▶ **Work order**
Please write out every record exactly, but keep any images out of it.

(Raw data begins)

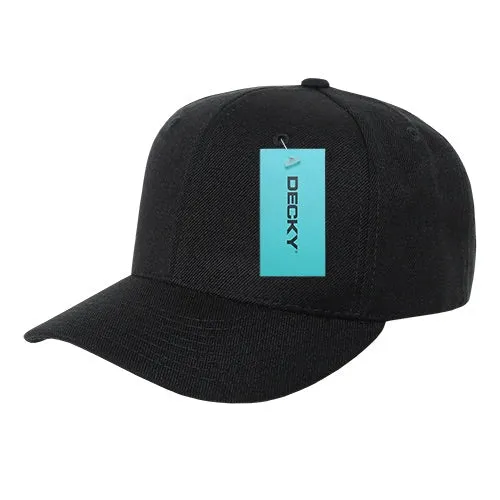 Decky 306 - 6 Panel Mid Profile Structured Cap, Plain Pro Baseball Cap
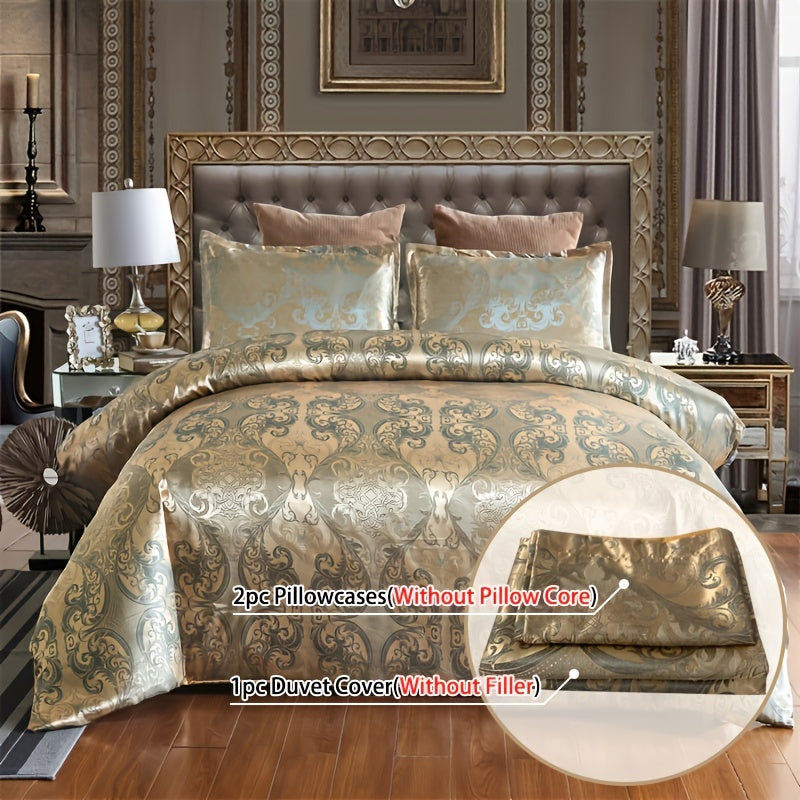 3pcs, European Style Satin Jacquard Quilt Cover Three-Piece Set, One Quilt Cover And a Pair of Pillowcases, No Inner Core.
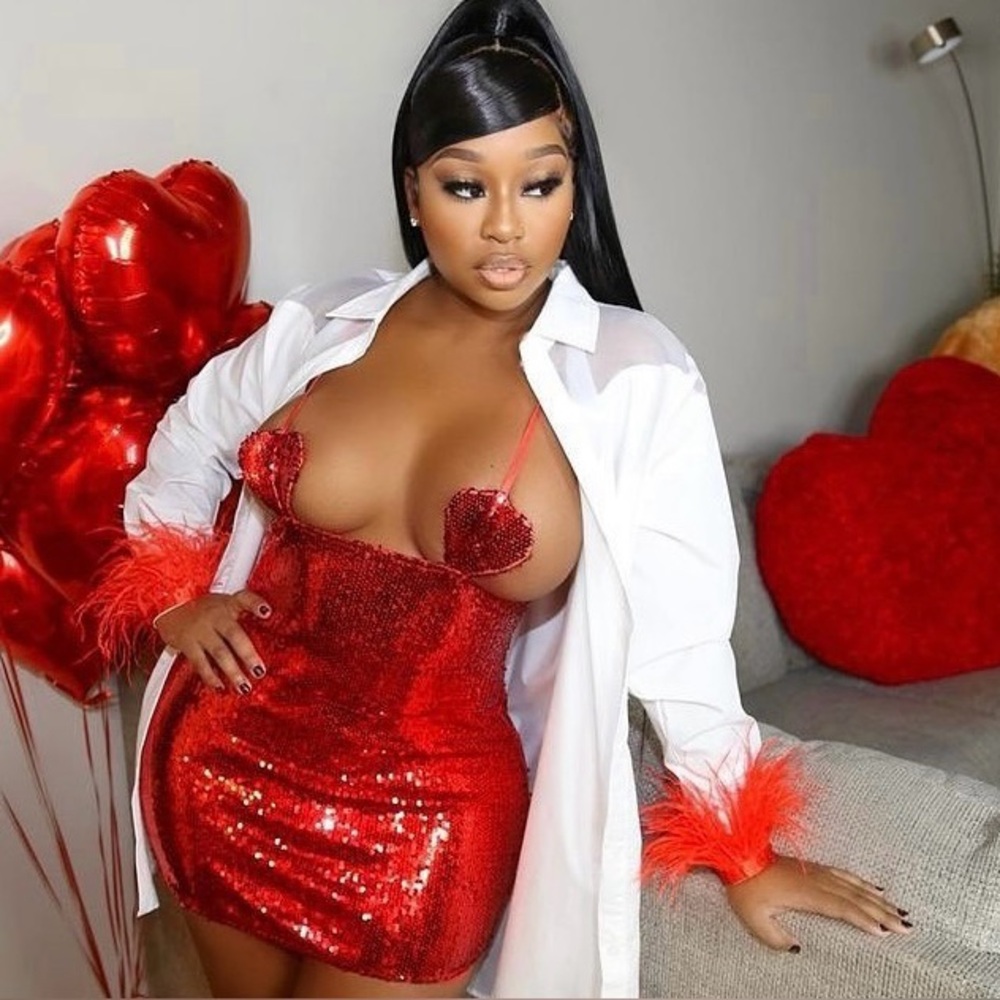 Red Heart Sequin Mini Dress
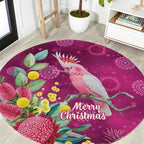 Australia Pink Cockatoo Christmas Round Carpet Aussie Native Flowers Merry Xmas - Pink - Aussie Hoodie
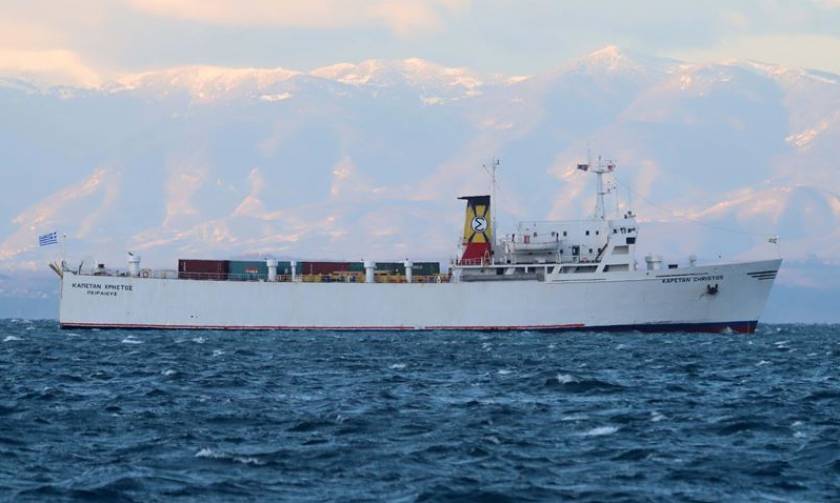 Explosives-laden freighter 'Kapetan Christos' docks at Thessaloniki port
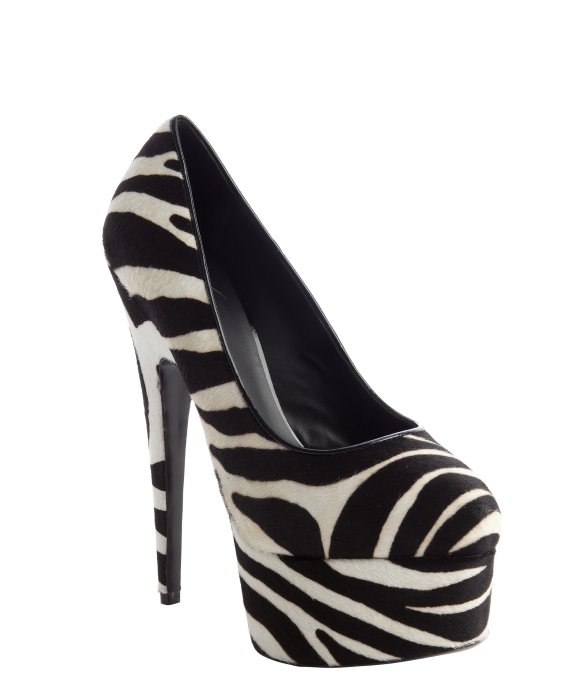 Giuseppe Zanotti : black and white zebra animal print calf hair platform pumps : style # 333319401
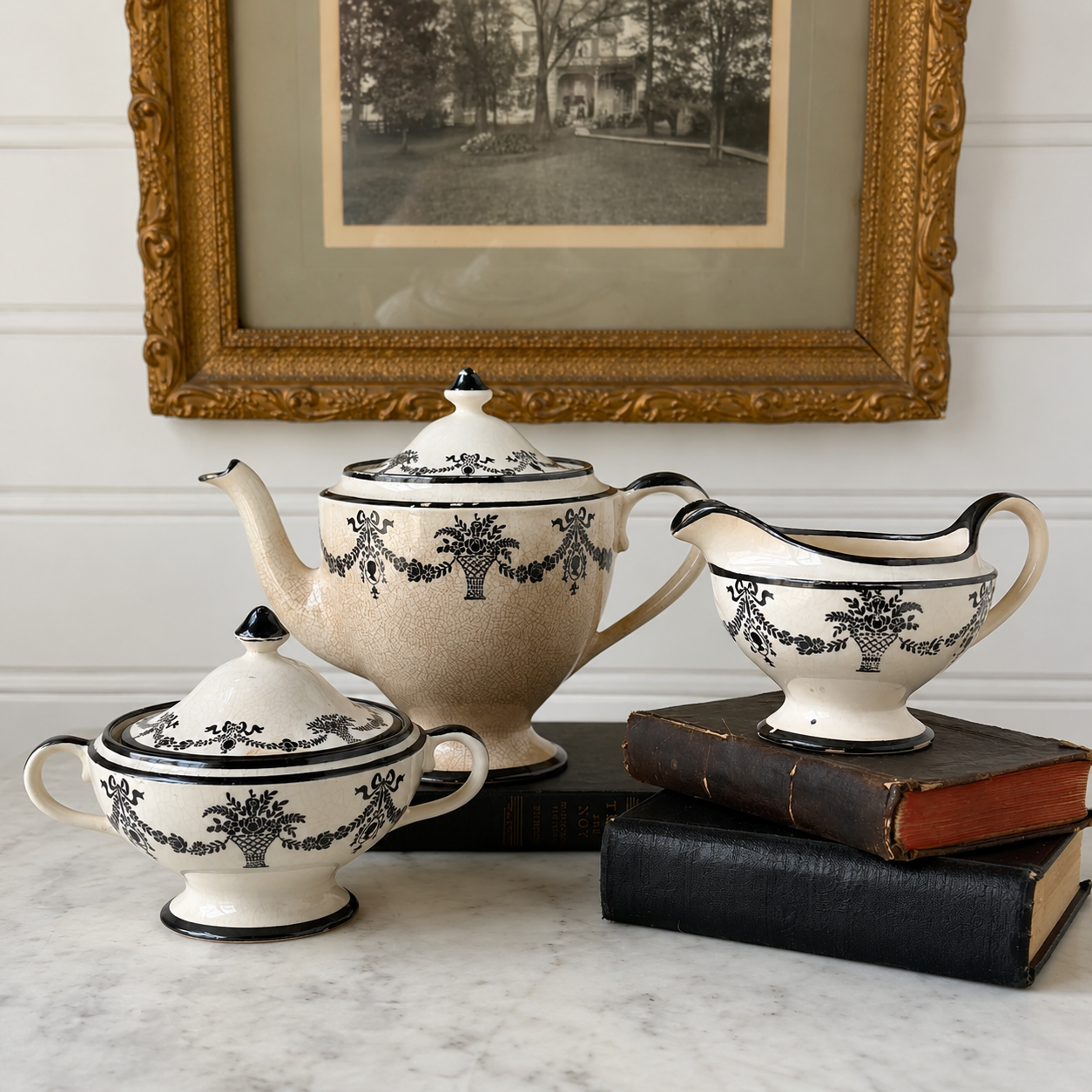 Antique English Black Transferware Three-Piece Tea Set Circa 1825–1845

(Raw data ends)

▶ **Response area**
 Decky 306 - 6 Panel Mid Profile Structured Cap, Plain Pro Baseball Cap
 3pcs, European Style Satin Jacquard Quilt Cover Three-Piece Set, One Quilt Cover And a Pair of Pillowcases, No Inner Core.
 Red Heart Sequin Mini Dress
 Australia Pink Cockatoo Christmas Round Carpet Aussie Native Flowers Merry Xmas - Pink - Aussie Hoodie
 Explosives-laden freighter 'Kapetan Christos' docks at Thessaloniki port
 Giuseppe Zanotti : black and white zebra animal print calf hair platform pumps : style # 333319401
 Antique English Black Transferware Three-Piece Tea Set Circa 1825–1845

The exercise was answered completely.